Why am I so scared? How COVID-19 unseats us and how to regain center

 

Here is a great blog about why we feel so much fear and anxiety in the COVID 19 times and what to do with it by my friend and skilled Boulder Therapist Emily Isaacs.

The waters are choppy these days.  What sort of boat are you sailing in?

As a whole society we have sailed into uncharted waters – a world where we are trying to remain protected from an ambiguous menace, have access to a limitless opportunities to take in media designed to spike the fight-or-flight wing of our nervous system, all with highly limited in person, face to face social support.

It’s a recipe for waking up each day feeling very, very anxious and out of control.

Let’s break this down to understand how these factors come together to cause such nervous system dysregulation.

1. The ambiguous menace

COVID-19: it is invisible, yet highly contagious.  Some people do not even show symptoms, and others – even young people – end up on ventilators in the hospital.  I didn’t wipe down the bread bag, but now it is in the refrigerator with everything else – did the cold air kill the germs or are they jumping onto other food?  (I truly did worry about this).

Ambiguous threats trigger our fight-or-flight system by the very nature of being ambiguous.  We lack clear information and so our brains become hyper-vigilant, constantly seeking out additional information to resolve the ambiguity.  We are biologically wired to this.

2. Your brain on media

Let’s also remember that the news is designed to grab our attention so we engage with it.  A very easy way to grab our brain’s attention is through fear.  Take a moment to just listen to a newscaster’s voice without the content: tense, quick, serious.  Then we have social media – which is, in many ways, a huge resource during these times of limited in-person contact.

But social media comes with a price – it can disrupt sleep, encourage comparison to others, shorten our attention span, and keep our nervous system on overdrive (ever thought your phone was vibrating but it wasn’t?  That’s actually a real phenomenon and a sign of hypervigilance).

3.  Forgoing face-to-face contact  

Here’s the real doozie, and one that I try to remedy during therapy sessions.  Face-to-face, skin-to-skin contact is enormously regulating for us human beings.  We’re apes.  We are social beings that thrive on social interaction and our nervous systems regulate with each other.

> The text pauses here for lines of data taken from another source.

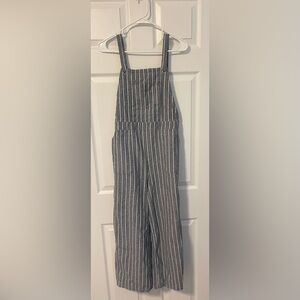 Striped Grey Wide-Leg Jumpsuit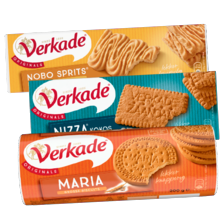 Verkade nobo sprits original, knappertjes,
Maria of nizza kokos
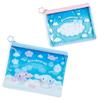 Sanrio Cinnamoroll & Poron Flat Pouch Set of 2 (Cinnamon & Poron and Cloud Siblings) 264181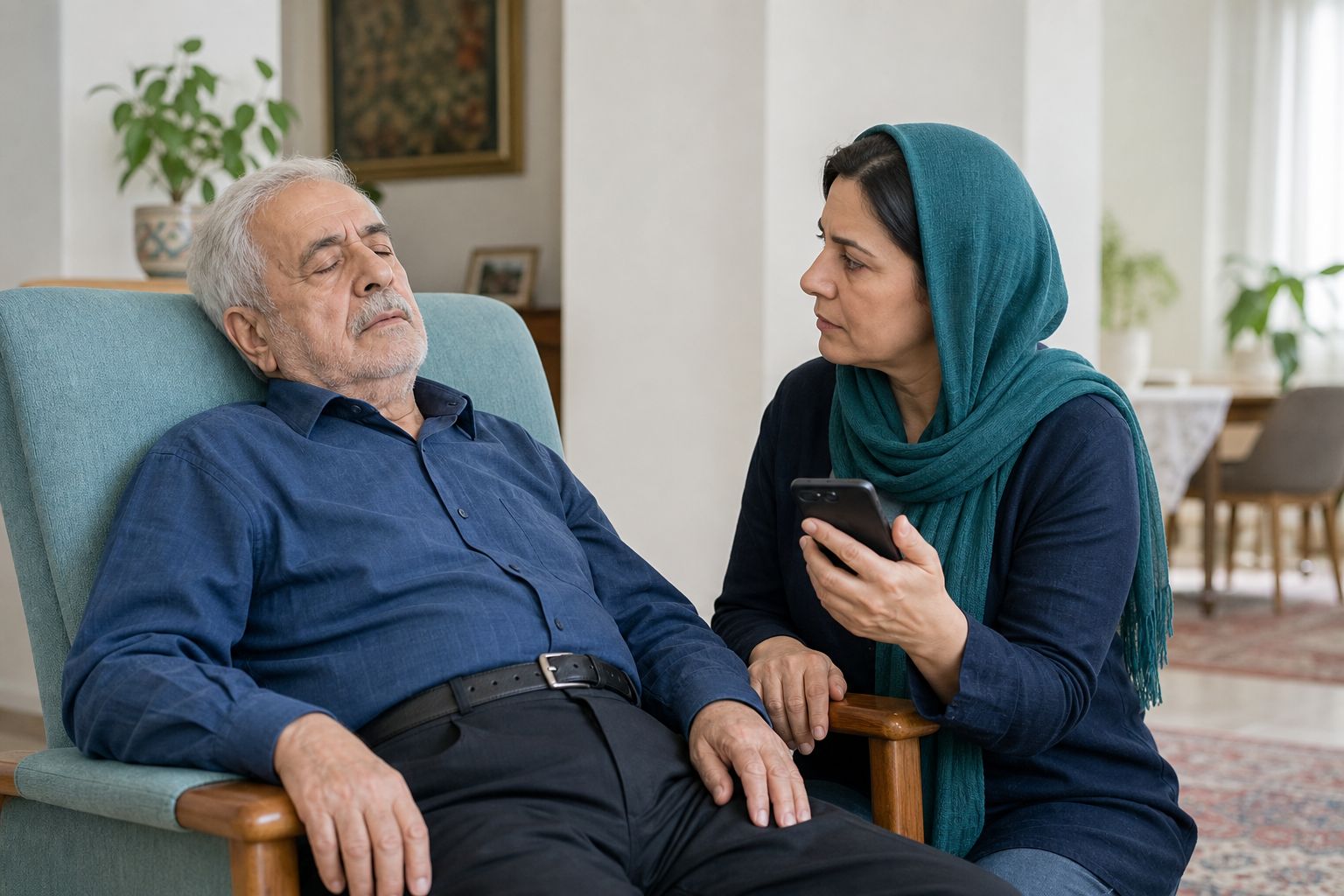 گیجی ناگهانی سالمند در منزل؛ چه زمانی اورژانسی است؟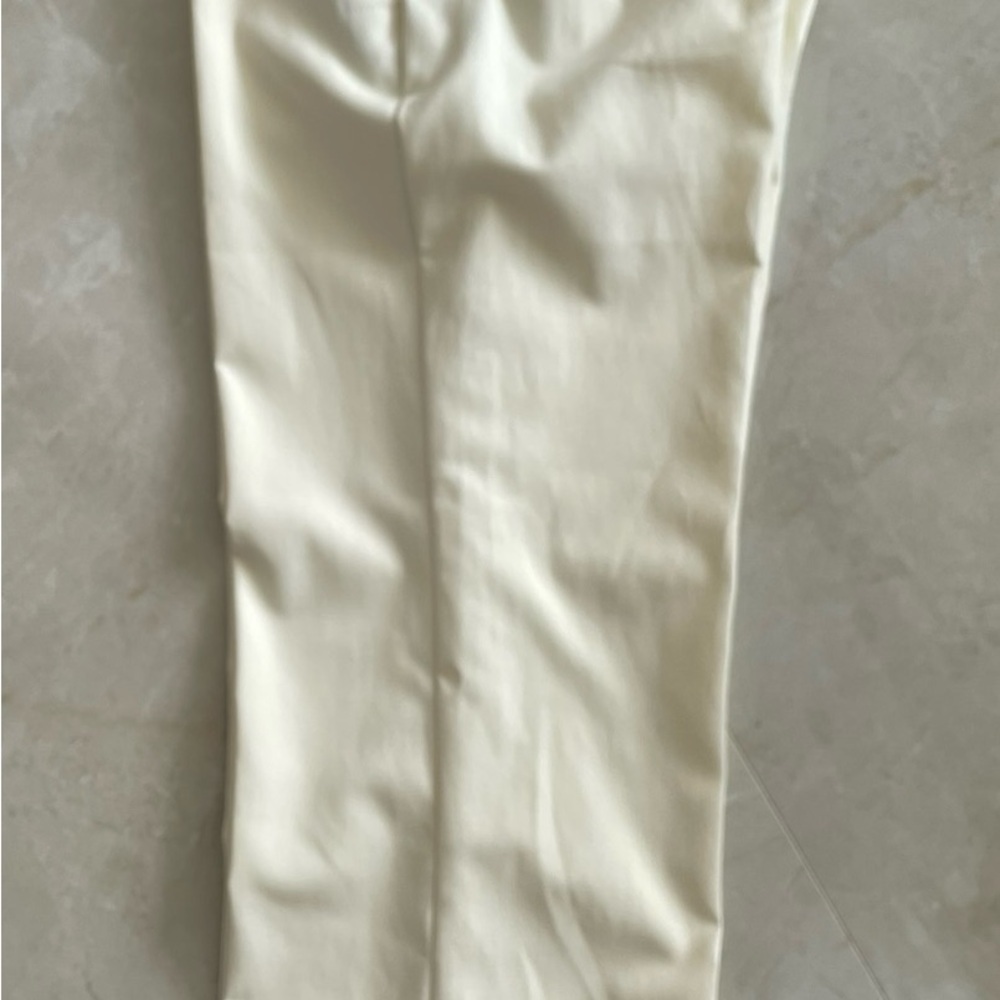 Talbot Pants Size 8 Cream Color Sailor Button Pants Wide Leg Ankle Length - Picture 2 of 5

​We can be totally jacked up and freaked out and if we have a friend or partner (or even a checker at the grocery store!) that is calm and reassuring, even a brief face-to-face interaction can soothe us.  A hug is even better.  And these days, the checker at the grocery store is suddenly an ambiguous threat.

Let’s go back to the boat metaphor.  We’re all sailing in choppy waters these days; we can’t control that.  But we do have a choice about what sort of boat we sail in.  The boat is the state of our internal being – our consciousness and how we choose to direct it.

Here are three simple practices to explore while navigating the world this week:

1. Name it to tame it.  

Did you open up your Facebook feed and suddenly become tense and hyper-focused on scanning through every scary article?  Did you catch yourself skimming every news article searching for a clear answer?  Great!  You are very, very human.  It actually calms your brain to name an experience – it is a kind of compartmentalizing that can help bring awareness and even control to a behavior.  Simply NOTICE the behavior and give it a name in your mind.  “Using Facebook.  Heart rate going up.”

2. Shift attention.  

Did you name it to tame it?  Awesome!  Since you are now aware of what you are doing, you have a chance to change your behavior.  If you have noticed your muscles getting tight, your heart rate going up, your breath getting shallow – it is time to redirect your attention.  Feel your feet on the floor.  Take a deep breath.  Look at a photo of a loved one, at a favorite plant, out the window at the sky.

3. Move your body.  

After our fight-or-flight nervous system has been activated, our bodies need a reset.  We have a biological need to know that the threat has passed and we can now move on to more peaceful business.  Otherwise, we remain in a hyper-aroused state that is exhausting in a multitude of ways.  Moving our bodies gives us this much-needed reset.  So: turn on some music and DANCE.  Shake out every limb.  Use your hands to vigorously brush off your arms, legs, torso, back.  Look silly – it will help move the nervous energy.

Above all – remain compassionate to yourself.  This experience is unlike anything any of us have ever gone through together.  We’re all doing the best we can – including me.  Including you.